At the Manchester Central Delivery Office picket line, John said of the dispute after months of strike action, “They’ve given us nothing. They are offering us 9 percent in pay but that is over two years. And they say you can only get that if it’s agreed that Sundays are part of the normal working week, and changing our hours so we work later.
“I’ve been working here 16 years. It’s got to the point where what you are expected to do in the amount of time you have to do it is unmanageable. We’re just doing a lot more.
“They’re talking about redundancies, saying we are losing a million pounds a day, but we can’t do the job with the staff we have at the moment. There’s agency workers in there. It’s a race to the bottom, new starters are now on different conditions to us.

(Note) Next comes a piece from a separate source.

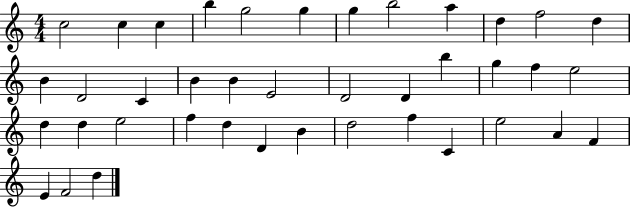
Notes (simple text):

C5/h C5/q C5/q B5/q G5/h G5/q G5/q B5/h A5/q D5/q F5/h D5/q B4/q D4/h C4/q B4/q B4/q E4/h D4/h D4/q B5/q G5/q F5/q E5/h D5/q D5/q E5/h F5/q D5/q D4/q B4/q D5/h F5/q C4/q E5/h A4/q F4/q E4/q F4/h D5/q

“They are leaning towards the stuff that makes the profit. If you look at the letter service, they are treating it as secondary. All they want to do is to make 30 people [on the board] very rich.
“One of the things they wanted to implement, and now they’ve railroaded it in, was that previously if you had to finish your walk by say over an hour longer, you could get paid for it. Now people will leave stuff in the centre here because beyond their shift finish time, they won’t be getting paid.
“Some of the stuff they wanted to bring in they started to do in the pandemic, like just parcel delivery on Saturdays. They did that for about three weeks.”
John said he thought the solution would be to force the resignation of Royal Mail CEO Simon Thompson, as “he is driving everything down”. This is the position of the CWU, who for their part are pleading with Royal Mail to see sense and appoint a more union friendly board that they can partner with in order to impose the attacks required on the workforce and be able to compete with competitors such as Amazon.
WSWS reporters responded that previously the CWU had insisted on the resignation of another CEO, Rico Back, and there was nothing to be gained in demanding a board amenable to defending workers’ conditions, when their sole priority was about piling up profits.
Another striker said “With it being a privatised company now and money is the key, I can’t see it [Thompson leaving and the situation improving for the workforce]. Someone else will just come with the same ideas. One bastard goes out and another will just come in. The idea of Royal Mail just being a service has gone.”
On the picket line in Aylesbury, Chad said the strike was continuing due to “the changes Royal Mail want to implement. That is change to our start times, Sunday working, reductions in allowances.
“They want to get rid of as many long-term posties as they can on their protected terms and conditions and replace us all with agency staff or people who are having to work longer hours for less pay.
“The cost-of-living crisis is affecting absolutely everyone. Posties are not immune to that. Our rate of pay is well below that national average, even though we consider it a decent rate of pay, if we are looking at basic. But it is not enough for us under the current standard of living, with inflation running at the rate that it is, the cost of a loaf of bread, a pound of cheese, a bottle of milk. We are having to heat our houses, pay for our families, childcare—the cost of living is going up exponentially and we can’t cope with that.'
“The problem is also that we work for an employer that made profits that were out of this world through the pandemic, and we haven’t seen a penny of that. And now, while we were being hailed as heroes one minute, we are being treated worse than people working under gig economy contracts the next, so it is affecting us as much as everybody else.”
Chad is a member of the Labour Party and said of the opposition of party leader Sir Keir Starmer to strikes, “The simple fact is that the Labour Party should be for the working class and right now it doesn’t appear they are… I can’t say I am happy with the leadership, and we do need someone that is reflective of the working class, which I can’t say we have at this point in time.”